[RFC,1/2] sched: Fix exit_mm vs membarrier

Message ID	20200728160010.3314-1-mathieu.desnoyers@efficios.com (mailing list archive)
State	New, archived
Headers	show Return-Path: <SRS0=h896=BH=kvack.org=owner-linux-mm@kernel.org> DMARC-Filter: OpenDMARC Filter v1.3.2 mail.kernel.org 5711920792 From: Mathieu Desnoyers <mathieu.desnoyers@efficios.com> To: Peter Zijlstra <peterz@infradead.org> Cc: linux-kernel@vger.kernel.org, Mathieu Desnoyers <mathieu.desnoyers@efficios.com>, Will Deacon <will@kernel.org>, "Paul E . McKenney" <paulmck@kernel.org>, Nicholas Piggin <npiggin@gmail.com>, Andy Lutomirski <luto@amacapital.net>, Thomas Gleixner <tglx@linutronix.de>, Linus Torvalds <torvalds@linux-foundation.org>, Alan Stern <stern@rowland.harvard.edu>, linux-mm@kvack.org Subject: [RFC PATCH 1/2] sched: Fix exit_mm vs membarrier Date: Tue, 28 Jul 2020 12:00:09 -0400 Message-Id: <20200728160010.3314-1-mathieu.desnoyers@efficios.com> Sender: owner-linux-mm@kvack.org Precedence: bulk
Series	[RFC,1/2] sched: Fix exit_mm vs membarrier \| expand [RFC,1/2] sched: Fix exit_mm vs membarrier

Message ID

20200728160010.3314-1-mathieu.desnoyers@efficios.com (mailing list archive)

State

New, archived

Headers

DMARC-Filter: OpenDMARC Filter v1.3.2 mail.kernel.org 5711920792
From: Mathieu Desnoyers <mathieu.desnoyers@efficios.com>
To: Peter Zijlstra <peterz@infradead.org>
Cc: linux-kernel@vger.kernel.org,
	Mathieu Desnoyers <mathieu.desnoyers@efficios.com>,
	Will Deacon <will@kernel.org>,
	"Paul E . McKenney" <paulmck@kernel.org>,
	Nicholas Piggin <npiggin@gmail.com>,
	Andy Lutomirski <luto@amacapital.net>,
	Thomas Gleixner <tglx@linutronix.de>,
	Linus Torvalds <torvalds@linux-foundation.org>,
	Alan Stern <stern@rowland.harvard.edu>,
	linux-mm@kvack.org
Subject: [RFC PATCH 1/2] sched: Fix exit_mm vs membarrier
Date: Tue, 28 Jul 2020 12:00:09 -0400
Message-Id: <20200728160010.3314-1-mathieu.desnoyers@efficios.com>
Sender: owner-linux-mm@kvack.org
Precedence: bulk

Series

[RFC,1/2] sched: Fix exit_mm vs membarrier | expand

Commit Message

Mathieu Desnoyers July 28, 2020, 4 p.m. UTC

exit_mm should issue memory barriers after user-space memory accesses,
before clearing current->mm, to order user-space memory accesses
performed prior to exit_mm before clearing tsk->mm, which has the
effect of skipping the membarrier private expedited IPIs.

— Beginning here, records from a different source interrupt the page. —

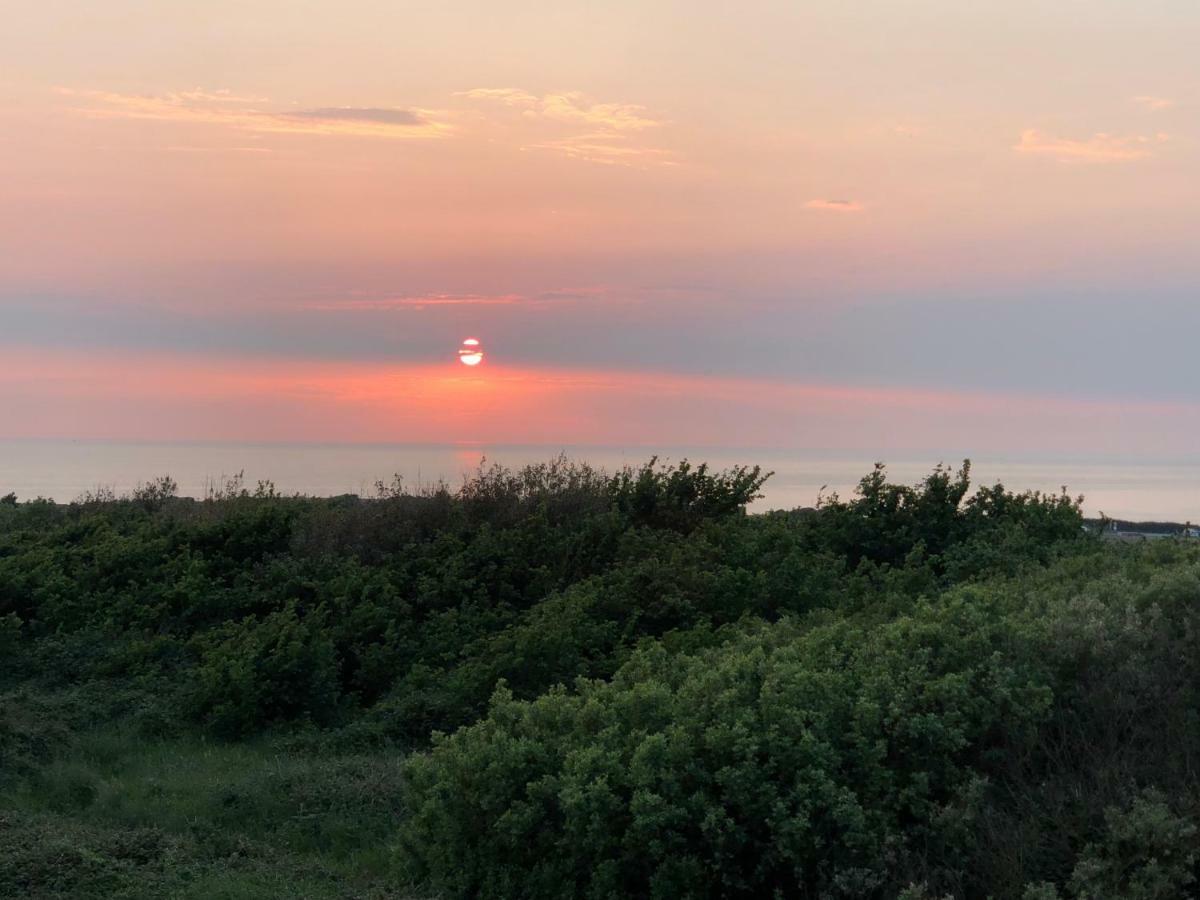 Les Dunes Du Golf First Line Sea View App Block B 1-3 Wimereux Extérieur photo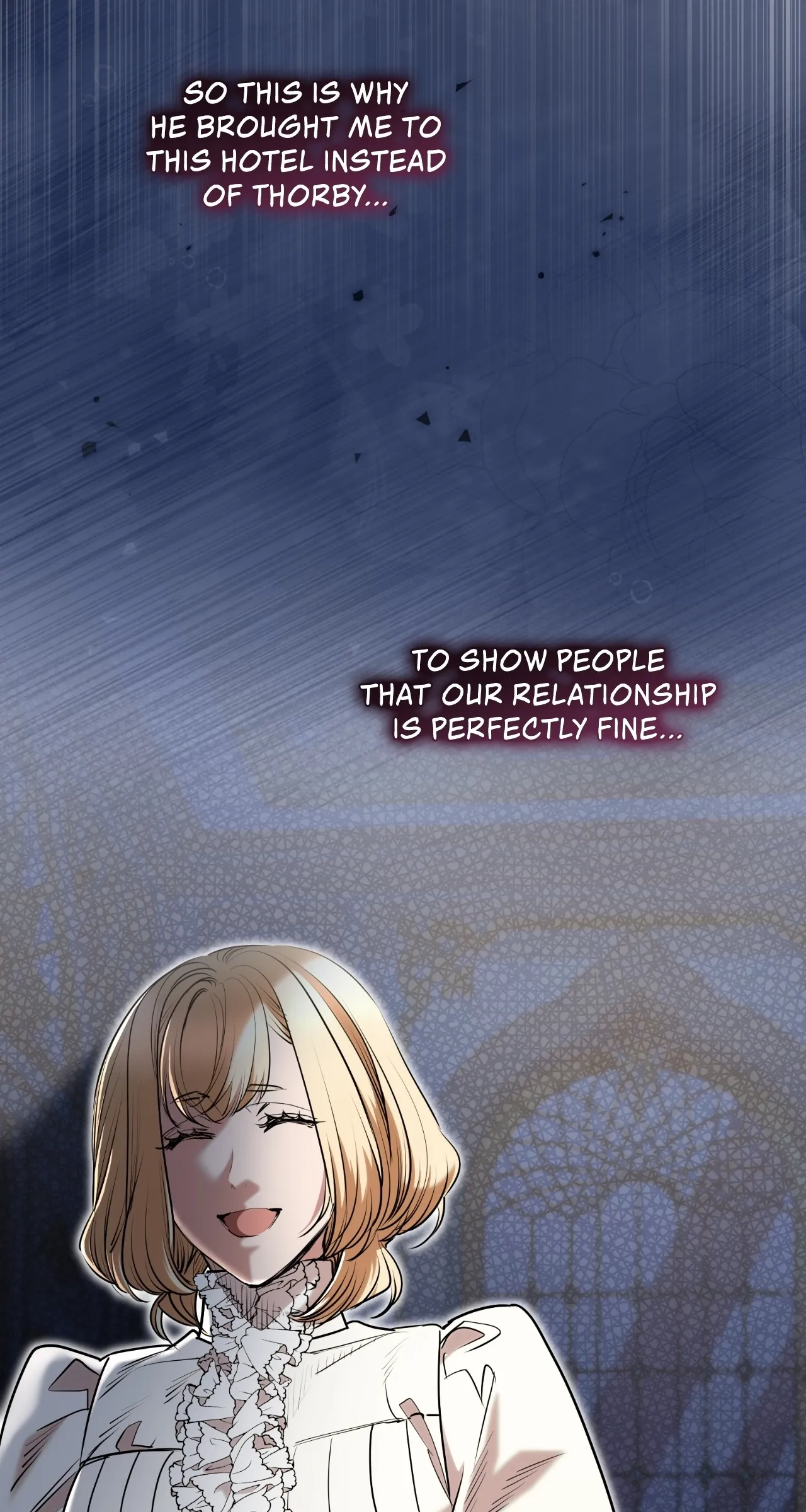 If You Desire to Keep Me [Official] Chapter 74 - Page 59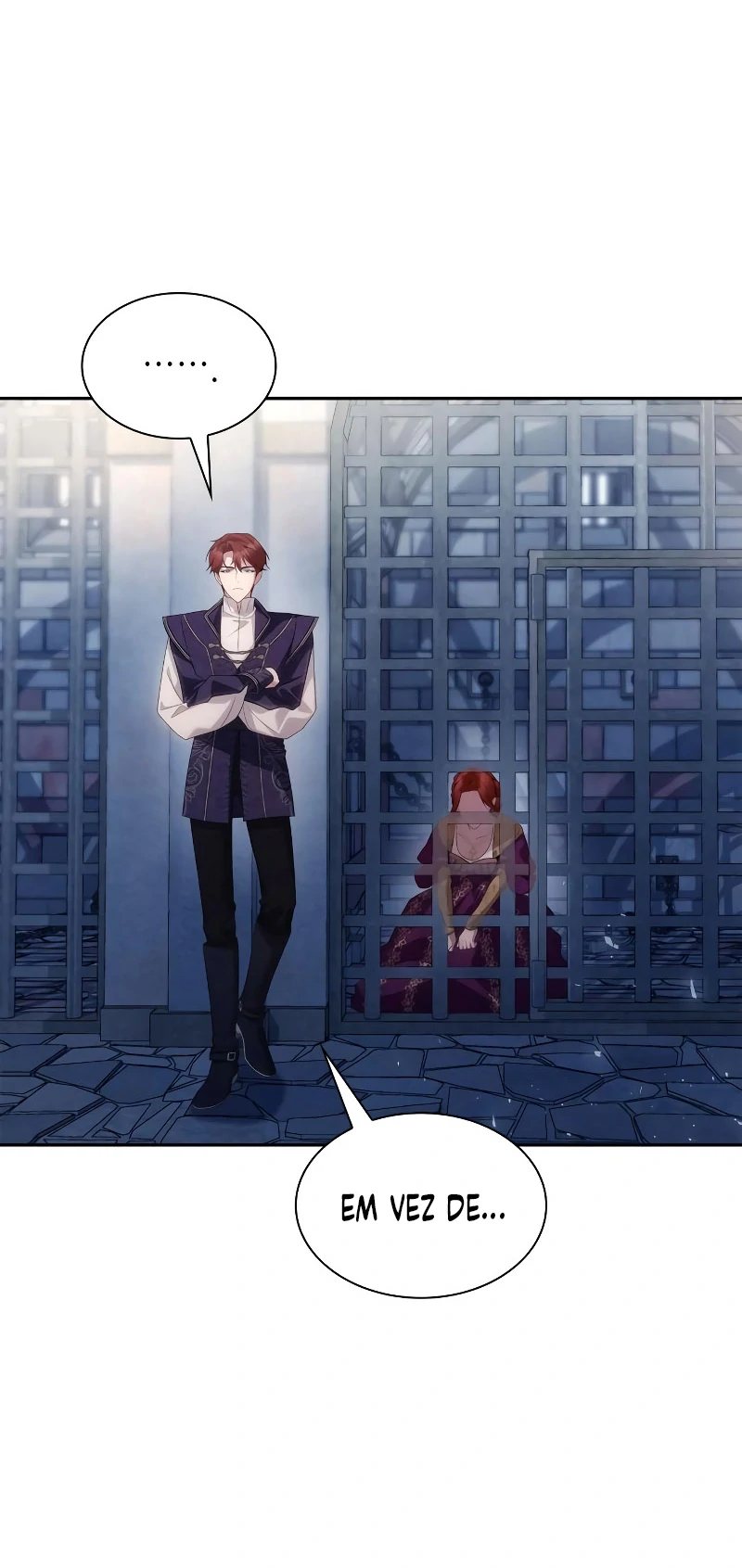 Read Im The Queen In This Life PT BR Manga Online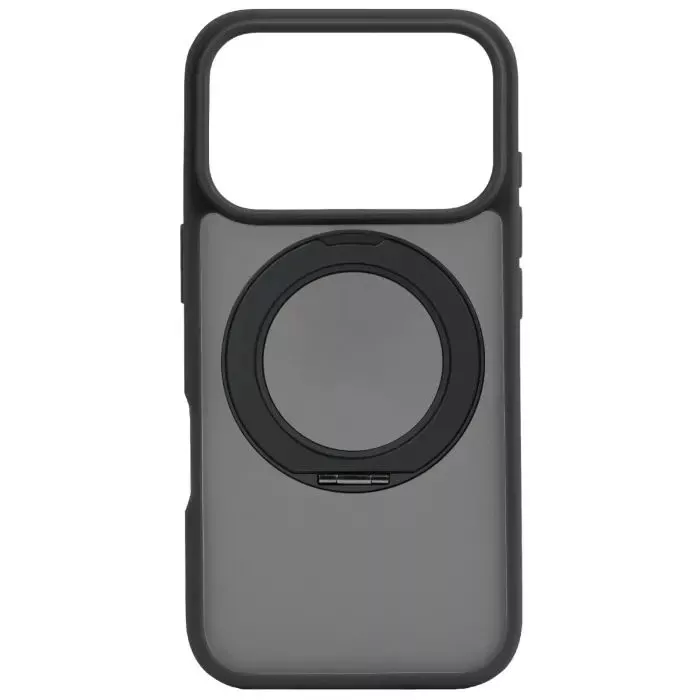Чехол для мобильного телефона Armorstandart Unit Stand2 Apple iPhone 17 Pro Black (ARM86333) (UA)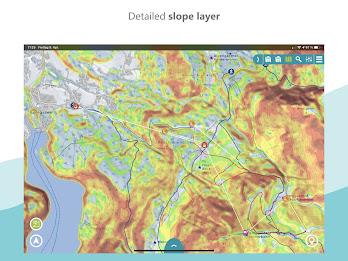 RealityMaps: ski, hike, bike Screenshot11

The membarrier system call can be issued concurrently with do_exit
if we have thread groups created with CLONE_VM but not CLONE_THREAD.

The following comment in exit_mm() seems rather puzzling though:

        /* more a memory barrier than a real lock */
        task_lock(current);

So considering that spinlocks are not full memory barriers nowadays,
some digging into the origins of this comment led me to 2002, at the
earliest commit tracked by Thomas Gleixner's bitkeeper era's history
at https://git.kernel.org/pub/scm/linux/kernel/git/tglx/history.git/

At that point, this comment was followed by:

+               /* more a memory barrier than a real lock */
+               task_lock(tsk);
+               tsk->mm = NULL;
+               task_unlock(tsk);

Which seems to indicate that grabbing the lock is really about acting as
a memory barrier, but I wonder if it is meant to be a full barrier or
just an acquire.

If a full memory barrier happens to be needed even without membarrier,
perhaps this fix also corrects other issues ? It unclear from the
comment what this memory barrier orders though. Is it the chain
exit -> waitpid, or is it related to entering lazy TLB ?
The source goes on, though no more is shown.